TO DO: Take the records below and set them down exactly, so that every line matches the original.

SUPPLIED ENTRIES:
--- START ---
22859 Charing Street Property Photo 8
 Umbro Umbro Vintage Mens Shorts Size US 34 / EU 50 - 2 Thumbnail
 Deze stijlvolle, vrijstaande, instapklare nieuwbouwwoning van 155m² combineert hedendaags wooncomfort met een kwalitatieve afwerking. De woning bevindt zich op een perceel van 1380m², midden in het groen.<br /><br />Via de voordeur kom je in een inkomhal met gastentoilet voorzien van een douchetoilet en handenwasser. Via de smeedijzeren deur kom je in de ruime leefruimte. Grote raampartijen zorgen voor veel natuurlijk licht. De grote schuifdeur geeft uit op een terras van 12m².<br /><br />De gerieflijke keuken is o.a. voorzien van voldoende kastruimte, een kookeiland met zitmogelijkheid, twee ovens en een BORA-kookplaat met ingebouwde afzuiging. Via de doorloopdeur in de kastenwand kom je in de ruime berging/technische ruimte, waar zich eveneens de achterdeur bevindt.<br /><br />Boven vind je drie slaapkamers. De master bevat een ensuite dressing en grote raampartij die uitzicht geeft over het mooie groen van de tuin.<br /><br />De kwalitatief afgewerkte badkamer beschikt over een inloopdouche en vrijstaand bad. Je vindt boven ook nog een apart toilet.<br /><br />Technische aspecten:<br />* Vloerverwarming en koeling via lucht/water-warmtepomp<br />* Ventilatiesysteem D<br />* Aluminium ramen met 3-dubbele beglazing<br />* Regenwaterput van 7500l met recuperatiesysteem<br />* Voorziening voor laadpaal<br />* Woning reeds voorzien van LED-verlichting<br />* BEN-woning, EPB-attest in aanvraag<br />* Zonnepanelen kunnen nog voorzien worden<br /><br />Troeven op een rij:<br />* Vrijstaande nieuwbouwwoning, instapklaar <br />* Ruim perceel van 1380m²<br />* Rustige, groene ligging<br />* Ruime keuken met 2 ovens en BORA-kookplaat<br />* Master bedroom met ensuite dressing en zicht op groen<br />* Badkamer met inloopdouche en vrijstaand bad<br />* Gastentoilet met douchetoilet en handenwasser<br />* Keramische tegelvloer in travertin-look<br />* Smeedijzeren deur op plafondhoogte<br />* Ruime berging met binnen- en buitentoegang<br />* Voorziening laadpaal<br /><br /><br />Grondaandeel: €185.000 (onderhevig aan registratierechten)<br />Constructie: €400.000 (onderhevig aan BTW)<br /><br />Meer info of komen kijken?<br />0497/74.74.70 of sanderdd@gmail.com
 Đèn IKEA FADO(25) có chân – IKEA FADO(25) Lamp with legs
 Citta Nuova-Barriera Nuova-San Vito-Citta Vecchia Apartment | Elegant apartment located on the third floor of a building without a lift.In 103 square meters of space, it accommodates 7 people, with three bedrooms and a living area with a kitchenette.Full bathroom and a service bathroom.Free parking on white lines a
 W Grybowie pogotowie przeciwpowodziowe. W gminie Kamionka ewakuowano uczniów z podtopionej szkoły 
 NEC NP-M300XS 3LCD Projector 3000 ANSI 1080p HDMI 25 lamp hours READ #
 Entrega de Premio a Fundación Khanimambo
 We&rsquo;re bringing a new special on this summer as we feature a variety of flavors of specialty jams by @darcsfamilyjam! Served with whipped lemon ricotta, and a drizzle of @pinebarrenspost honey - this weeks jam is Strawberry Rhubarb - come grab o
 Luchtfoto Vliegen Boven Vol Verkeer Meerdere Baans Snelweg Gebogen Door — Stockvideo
--- END ---
SOLUTION:
22859 Charing Street Property Photo 8
 Umbro Umbro Vintage Mens Shorts Size US 34 / EU 50 - 2 Thumbnail
 Deze stijlvolle, vrijstaande, instapklare nieuwbouwwoning van 155m² combineert hedendaags wooncomfort met een kwalitatieve afwerking. De woning bevindt zich op een perceel van 1380m², midden in het groen.<br /><br />Via de voordeur kom je in een inkomhal met gastentoilet voorzien van een douchetoilet en handenwasser. Via de smeedijzeren deur kom je in de ruime leefruimte. Grote raampartijen zorgen voor veel natuurlijk licht. De grote schuifdeur geeft uit op een terras van 12m².<br /><br />De gerieflijke keuken is o.a. voorzien van voldoende kastruimte, een kookeiland met zitmogelijkheid, twee ovens en een BORA-kookplaat met ingebouwde afzuiging. Via de doorloopdeur in de kastenwand kom je in de ruime berging/technische ruimte, waar zich eveneens de achterdeur bevindt.<br /><br />Boven vind je drie slaapkamers. De master bevat een ensuite dressing en grote raampartij die uitzicht geeft over het mooie groen van de tuin.<br /><br />De kwalitatief afgewerkte badkamer beschikt over een inloopdouche en vrijstaand bad. Je vindt boven ook nog een apart toilet.<br /><br />Technische aspecten:<br />* Vloerverwarming en koeling via lucht/water-warmtepomp<br />* Ventilatiesysteem D<br />* Aluminium ramen met 3-dubbele beglazing<br />* Regenwaterput van 7500l met recuperatiesysteem<br />* Voorziening voor laadpaal<br />* Woning reeds voorzien van LED-verlichting<br />* BEN-woning, EPB-attest in aanvraag<br />* Zonnepanelen kunnen nog voorzien worden<br /><br />Troeven op een rij:<br />* Vrijstaande nieuwbouwwoning, instapklaar <br />* Ruim perceel van 1380m²<br />* Rustige, groene ligging<br />* Ruime keuken met 2 ovens en BORA-kookplaat<br />* Master bedroom met ensuite dressing en zicht op groen<br />* Badkamer met inloopdouche en vrijstaand bad<br />* Gastentoilet met douchetoilet en handenwasser<br />* Keramische tegelvloer in travertin-look<br />* Smeedijzeren deur op plafondhoogte<br />* Ruime berging met binnen- en buitentoegang<br />* Voorziening laadpaal<br /><br /><br />Grondaandeel: €185.000 (onderhevig aan registratierechten)<br />Constructie: €400.000 (onderhevig aan BTW)<br /><br />Meer info of komen kijken?<br />0497/74.74.70 of sanderdd@gmail.com
 Đèn IKEA FADO(25) có chân – IKEA FADO(25) Lamp with legs
 Citta Nuova-Barriera Nuova-San Vito-Citta Vecchia Apartment | Elegant apartment located on the third floor of a building without a lift.In 103 square meters of space, it accommodates 7 people, with three bedrooms and a living area with a kitchenette.Full bathroom and a service bathroom.Free parking on white lines a
 W Grybowie pogotowie przeciwpowodziowe. W gminie Kamionka ewakuowano uczniów z podtopionej szkoły 
 NEC NP-M300XS 3LCD Projector 3000 ANSI 1080p HDMI 25 lamp hours READ #
 Entrega de Premio a Fundación Khanimambo
 We&rsquo;re bringing a new special on this summer as we feature a variety of flavors of specialty jams by @darcsfamilyjam! Served with whipped lemon ricotta, and a drizzle of @pinebarrenspost honey - this weeks jam is Strawberry Rhubarb - come grab o
 Luchtfoto Vliegen Boven Vol Verkeer Meerdere Baans Snelweg Gebogen Door — Stockvideo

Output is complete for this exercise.